Canadian telco Shaw Communications is selling its data center subsidiary ViaWest to Peak 10 for $1.675 billion. Shaw owned ViaWest for less than three years, having bought it for $1.2 billion in 2014. The sale has been rumored for some weeks.
Colorado-based ViaWest’s 30 North American facilities will combined with the ten US sites run by Peak 10, to create a large regional data center services provider company. The deal effectively returns ViaWest to its previous owner: GI Partners, (along with Oak Hill Capital) sold ViaWest to Shaw in 2014. Around that time GI bought Peak 10, and will be the majority shareholder of the combined company.
Change of plans
Shaw joins a long line of telcos filing through the exit door of the data center business. Other companies which have sold off their data centers in order to focus on their core telecoms business include Verizon, which sold its data centers to Equinix for $3.6bn in 2016, and CenturyLink which sold its facilities to a private equity group led by BC Partners and Medina Capital Advisors for $2.3bn the same year.

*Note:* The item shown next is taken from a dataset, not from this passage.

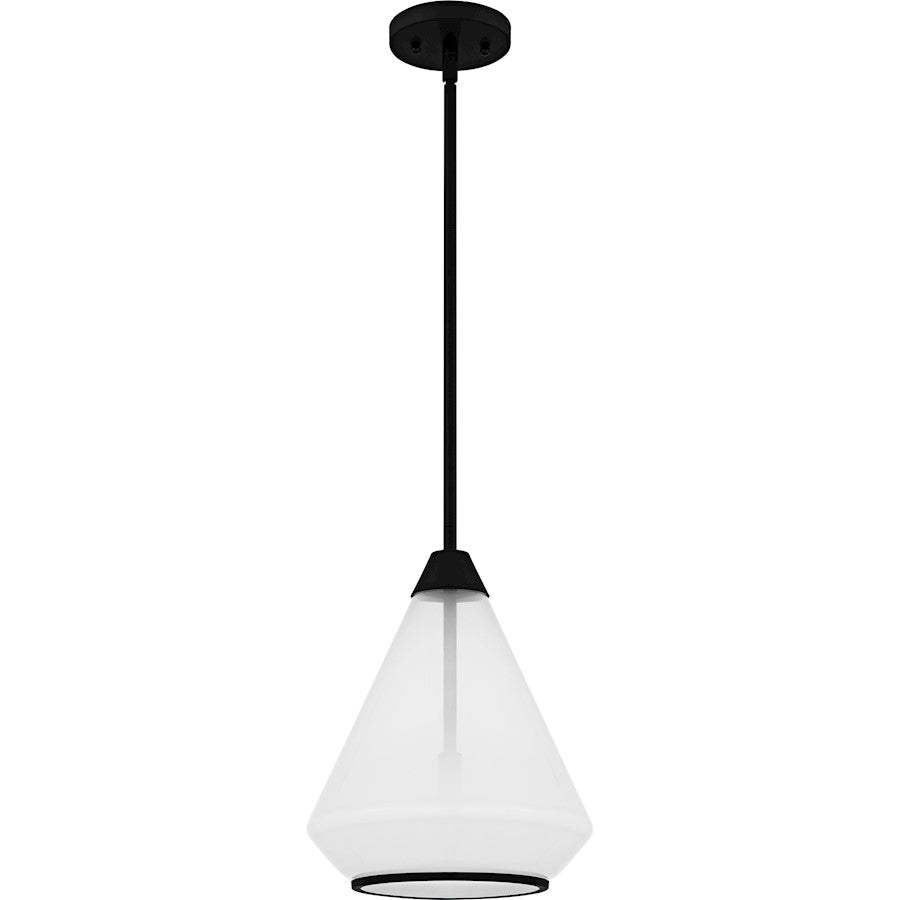 Haze 1Light Mini Pendant, Matte Black/Clear Ombre Glass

ViaWest and Peak 10 operate in 20 mostly North American markets, but with at least a presence in Amsterdam, acquired through ViaWest’s 2015 purchase of cloud provider iNetU. The company will offer colocation, connectivity, and private and public cloud utilities.
The list of other locations includes Atlanta, Austin, Charlotte, Cincinnati, Dallas, Denver, Ft. Lauderdale, Jacksonville, Las Vegas, Louisville, Minneapolis, Nashville, Phoenix, Portland, Raleigh, Richmond, Salt Lake City, Tampa and Calgary.
“Peak 10 and ViaWest will create a leading hybrid IT infrastructure and solutions provider well-positioned to deliver significant benefits to our customers,” said Peak 10 chief executive Chris Downie, who will become CEO of the combined company while
ViaWest CEO Nancy Phillips, who will be chair of the board, said: “As we contemplated strategic partnerships, we quickly concluded that Peak 10 offered a complementary footprint, shared focus on the customer, and talented team.”
The deal should close in the third quarter of this year.
Reuters reports that Shaw is spending $325 million (C$430m) from the sale in bolstering its mobile unit by buying wireless spectrum from Quebecor Media.